To make either of the above elections, we must irrevocably deposit in trust with the trustee enough money to pay in full the principal, interest and premium on the debt securities. This amount may be made in cash and/or U.S. government obligations or, in the case of debt securities denominated in a currency other than U.S. dollars, cash in the currency in which such series of securities is denominated and/or foreign government obligations. As a condition to either of the above elections, for debt securities denominated in U.S. dollars we must deliver to the trustee an opinion of counsel that the holders of the debt securities will not recognize income, gain or loss for U.S. federal income tax purposes as a result of the action.

"foreign government obligations" means, with respect to debt securities of any series that are denominated in a currency other than United States dollars:

  • direct obligations of the government that issued or caused to be issued the currency in which such securities are denominated and for the payment of which obligations its full faith and credit is pledged, or, with respect to debt securities of any series which are denominated in euros, direct obligations of certain members of the European Union for the payment of which obligations the full faith and credit of such members is pledged, which in each case are not callable or redeemable at the option of the issuer thereof; or
  • obligations of a person controlled or supervised by or acting as an agency or instrumentality of a government described in the bullet above the timely payment of which is unconditionally guaranteed as a full faith and credit obligation by such government, which are not callable or redeemable at the option of the issuer thereof.

Notices

Notices to holders will be given by mail to the addresses of the holders in the security register.

Governing law

The indentures and the debt securities will be governed by, and construed under, the laws of the State of New York.

No personal liability of directors, officers, employees and shareholders.

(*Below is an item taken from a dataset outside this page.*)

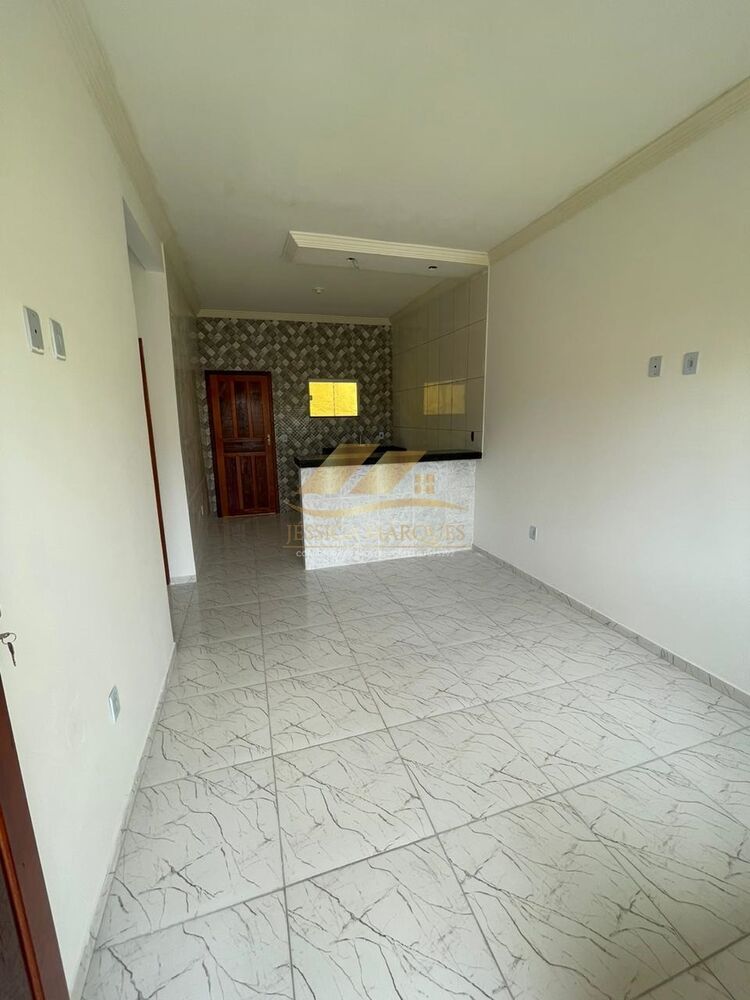 Casa à venda com 2 quartos, 130m² - Foto 2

No incorporator, shareholder, employee, agent, officer, director or subsidiary of ours will have any liability for any obligations of ours, or because of the creation of any indebtedness under the debt securities, the indentures or supplemental indentures. The indentures provide that all such liability is expressly waived and released as a condition of, and as a consideration for, the execution of such indentures and the issuance of the debt securities.

Regarding the trustee

The indentures limit the right of the trustee, should it become our creditor, to obtain payment of claims or secure its claims.

The trustee will be permitted to engage in certain other transactions with us. However, if the trustee acquires any conflicting interest, and there is a default under the debt securities of any series for which it is trustee, the trustee must eliminate the conflict or resign.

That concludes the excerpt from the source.